JEFF was interviewed by BBC Merseyside's Spencer Leigh for his well-known On The Beat show in September 2009. Spencer has also authored many books and articles on musicians and icons from Liverpool in the UK, including of course the most famous exports, The Beatles. Extracts from the program are provided below.


spencerSpencer Leigh (SL): Tell us about your musical background.

Jeff Christie (JC): My mother was a trained ballet dancer and she instilled in us a love of classical music. I learnt the piano at an early age and I learnt it rebelliously because I had not wanted to do it even though it helped me musically.
   But really what changed things for me was when I heard the Elvis Presley and Buddy Holly records .. my parents took me to see a flamenco guitarist ......... and I was completely smitten with flamenco and I would have liked to have learnt flamenco but there was no way you could have learnt that back then or find a teacher back in those days, 56 or 57. Rock and roll was the next best thing, we had never heard anything like it, never seen anything like it. That inspired me to move off the piano.
   But because I had been learning piano and studying classical theory, I experimented with first playing little tunes on the piano before I played the guitar, and maybe that was a budding start to the songwriting that came through later on. The piano really helped me because I already knew what the chords were on the piano and I just transposed them onto the guitar.

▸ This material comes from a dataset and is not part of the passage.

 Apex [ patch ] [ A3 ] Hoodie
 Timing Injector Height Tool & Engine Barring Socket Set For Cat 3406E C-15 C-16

SL: Did you ever use any of your early songs later on?

JC: I think I was 17 or 18 when I first started writing. They were a bit grim and a bit zany. By this time rock and roll had really moved up a gear. The Beatles had happened, the group scene had changed, people weren't wearing red suits and doing Shadows walks anymore. We started going to record auditions, and failed them because we were doing other people's songs. The A&R guy told me afterwards, the band's a good band but you got to do your own stuff. And that was the turning point. If we had to get a deal, then we had to start writing.
   Nobody else was willing to sit around with me to have a crack at it, but for me it was an extension of all the doodling around I used to do on the piano.
   So the first songs that came out that I wrote were probably songs like My Baby Loves Me and Anna that the Outer Limits did very very early on, and as the writing progressed a bit and we got the first record deal, Just One More Chance, by that time the writing had improved significantly.

SL: Just One More Chance was on the Deram label, a progressive label and subsidiary of Decca.

JC: Yes, it came out in 1967 but we must have done it late '66. It was in some suburb of London, the first time I had been in a fashion studio.

SL: You'd been playing all around Leeds, hadn't you?

cavernJC: All over. Been playing everywhere, played the Cavern ..

SL: How well do you remember the Cavern (famous Liverpool club where the Beatles used to play)?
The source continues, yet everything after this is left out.